- [Problem to work on]
Copy the data precisely, character for character, and leave out every picture.

- [Collected data]
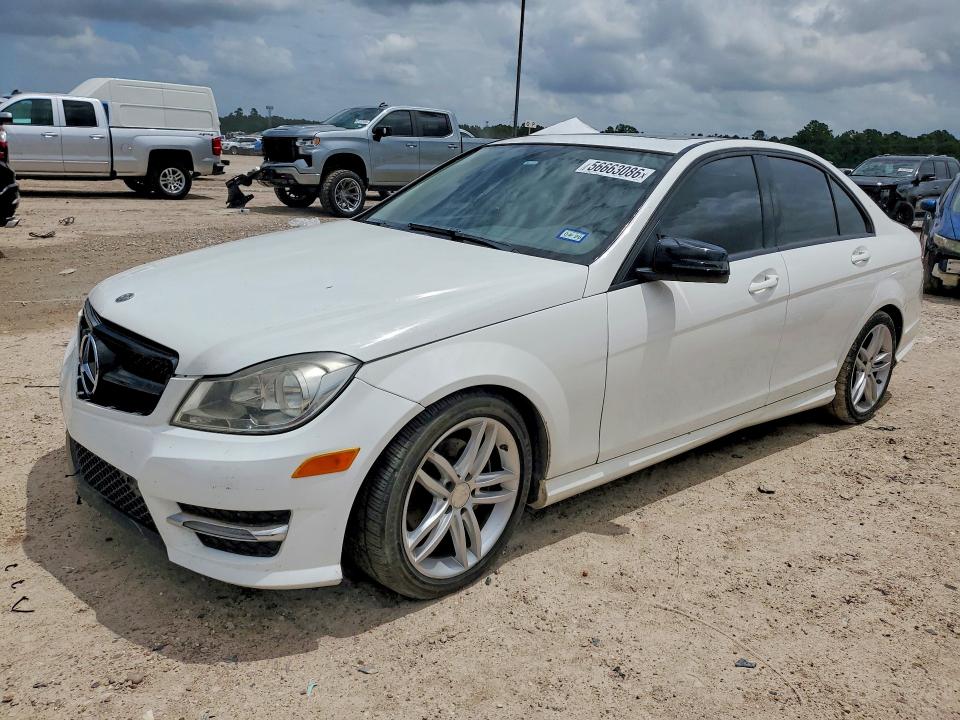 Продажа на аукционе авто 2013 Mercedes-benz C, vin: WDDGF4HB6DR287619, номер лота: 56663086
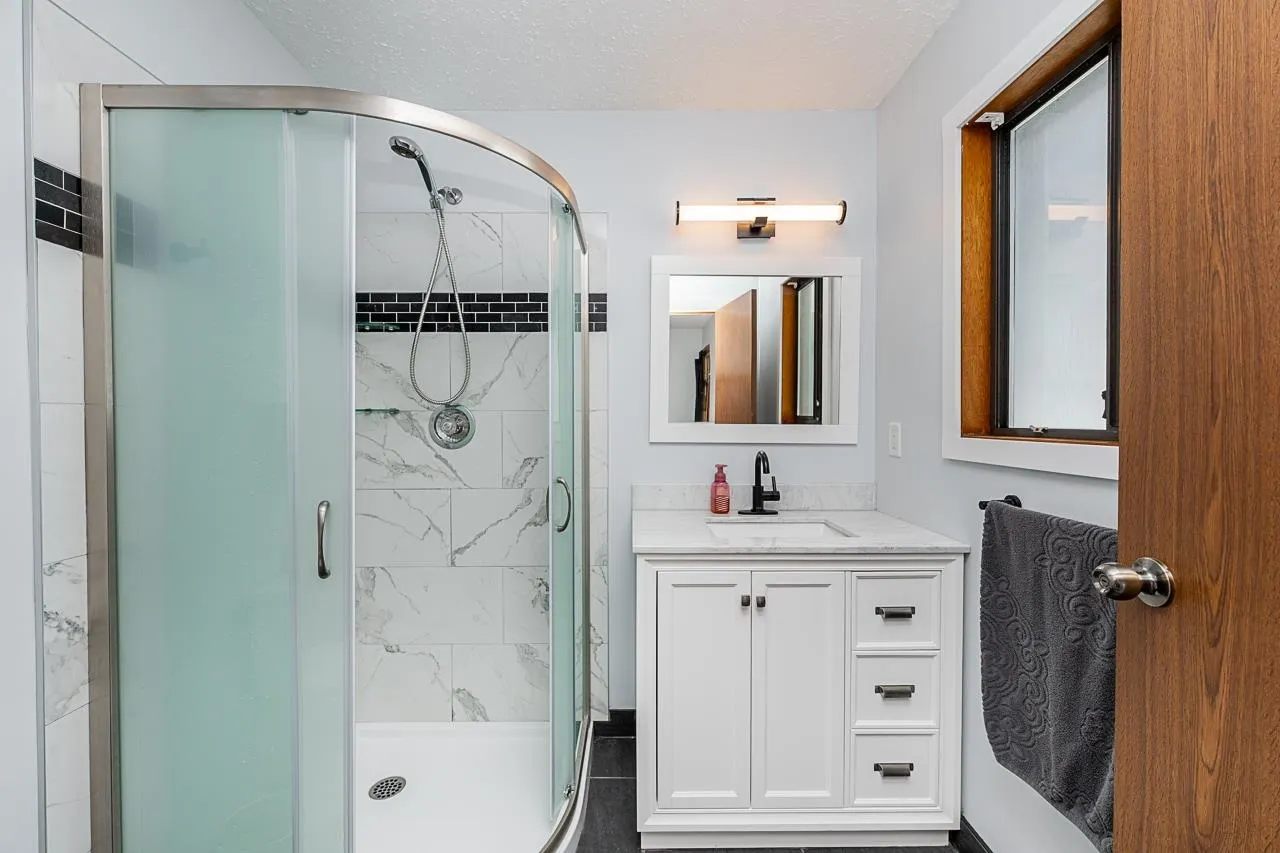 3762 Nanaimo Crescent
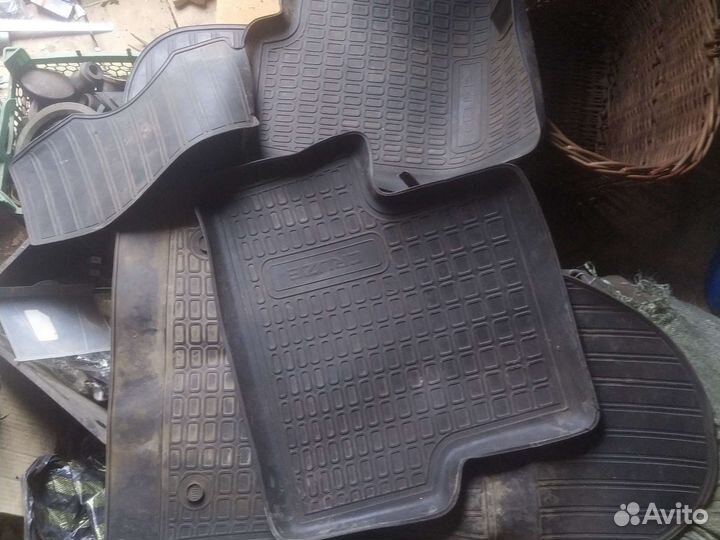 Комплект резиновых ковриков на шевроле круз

- [Result of the task]
 Продажа на аукционе авто 2013 Mercedes-benz C, vin: WDDGF4HB6DR287619, номер лота: 56663086
 3762 Nanaimo Crescent
 Комплект резиновых ковриков на шевроле круз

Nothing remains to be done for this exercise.